Hay jazz siempre sonando, un protagonista neurótico, un narrador en off y esa cierta ligereza para sobrevolar cínicamente por encima de asuntos que pudieron ser un drama o crímenes de película de gángsters. Todo eso está en Café Society.
Pero con su última producción Woody Allen ha hecho algo más que repetir aquellos elementos que se han convertido en su sello. Con esta, la primera película digital de su larga filmografía, el octogenario realizador finalmente se ha allanado a conciliar esos mundos por los que indefectiblemente se ha paseado, claro que para arrojar sobre ellos su mirada irónica: Hollywood y Nueva York.
“La vida es una comedia escrita por un comediante sádico”, le hace decir a su personaje-alter ego, Bobby, que solo Jesse Eisenberg ha podido calzarse tan bien.
Cuidadosamente filmada y con un extraordinario diseño de producción, esta vez Allen incorporó a su equipo al director de fotografía Vittorio Storaro (tres veces oscareado, una de ellas por la suntuosa El Último Emperador) para hacer aparecer al luminoso y soleado Los Angeles de los años 30 y luego a la Nueva York de la familia judía del Bronx y la actividad gangsteril. Cada cual con su paleta de colores.
Bobby (Eisenberg) es enviado por su rudimentaria madre, Rose, a la esplendorosa Hollywood del Star System, para que su hermano Phil Stern (Steve Carrell), devenido en un magnate de los estudios, le dé algún trabajo. El joven, que siempre ha vivido amontonado con su familia en un departamentito de Brooklyn, queda extasiado con este cálido y hermoso lugar.
No importa que sea recibido como lo que es: el pariente pobre. Ni que su tío lo haga esperar semanas para tan siquiera hacerlo entrar en su inmenso despacho.
Porque para zafarse un poco de él, se lo encarga a su secretaria, Vonnie (Kristen Stewart, confirmando que sí es una de las mejores actrices de su generación), quien lo pasea un poco, lo lleva de allá para acá, lo que deviene en un romance. Y con él, un triángulo insospechado.
Pero Bobby muy pronto se inserta en ese particular universo, el de los cócteles en torno a las piscinas de mansiones espléndidas, donde los invitados se presentan con su nombre y el número de premios Oscar que han recibido y flotan en un glamour que le da la espalda e ignora por completo a un mundo que está a punto de estallar en una segunda guerra.
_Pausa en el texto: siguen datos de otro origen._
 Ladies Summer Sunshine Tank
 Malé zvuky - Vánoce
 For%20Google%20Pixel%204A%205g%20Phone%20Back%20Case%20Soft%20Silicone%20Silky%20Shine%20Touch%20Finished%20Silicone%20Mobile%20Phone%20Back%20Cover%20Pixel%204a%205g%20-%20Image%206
Mal no le va, pero las circunstancias amorosas y la posibilidad de regentar un club, cuyo dueño es “convencido” de venderlo, llevan de vuelta al ya algo más despabilado Bobby a Nueva York.
Como la Pantera Rosa —ese impasible personaje dibujo animado— a Bobby le pasan por el lado, sin enterarse, los trapos sucios y las maniobras criminales gracias a las cuales termina siendo un exitoso empresario de la noche neoyorkina.
Para allanarle el camino están su madre y esa parte de la familia que se ocupa de los asuntos oscuros. El único Pepe Grillo es uno de sus tíos, un tipo que cree en la convivencia cívica y en las leyes, sin mucha voz ni éxito.
Envuelto en una elegancia realmente seductora, el relato se desliza grácil y encantador, mientras saca a relucir lo mejor y lo peor de estos dos gravitantes polos de la sociedad estadounidense.
El sarcasmo sutil se asoma en diálogos tan breves como graciosos; en escenas pequeñas; los contrastes; momentos nada más. Como los sepulcros blanqueados, aquello que yace bajo el bello mármol, sólo llega a nosotros en un resumido relato en off, que de tan frívolamente expuesto hace reír.
Café Society no es una película imprescindible, pero si fuese la despedida de Woody Allen, habría que decir que aquí están sus tics, sus cómicos enredos, sus recursos que ya queremos tanto que nos da placer verlos, y sobre todo, que está bellamente filmada. Y que hay humor, mucho humor, muy bien escrito, de ese que envuelve con maestría dramas al fondo.